After completing the setup steps above, you can run a DataRobot provider DAG in Airflow using the configuration JSON you assembled:

1. On the Airflow **DAGs** page, locate the DAG pipeline you want to run.

    ![](images/airflow-example-dags.png)

2. Click the run icon for that DAG and click **Trigger DAG w/ config**.

    ![](images/airflow-dag-trigger.png)

3. On the **DAG conf parameters** page, enter the JSON configuration data required by the DAG. In this example, the JSON you assembled in the previous step.

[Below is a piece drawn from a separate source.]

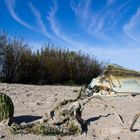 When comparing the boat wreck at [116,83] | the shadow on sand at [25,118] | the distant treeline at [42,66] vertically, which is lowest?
the shadow on sand at [25,118]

4. Select **Unpause DAG when triggered**, and then click **Trigger**. The DAG starts running:

    ![](images/airflow-datarobot-pipeline-dag.png)

!!! note
    While running Airflow in a Docker container (e.g., using the Astro CLI tool), expect the predictions file created inside the container. To make the predictions available in the host machine, specify the output location in the `include/` directory.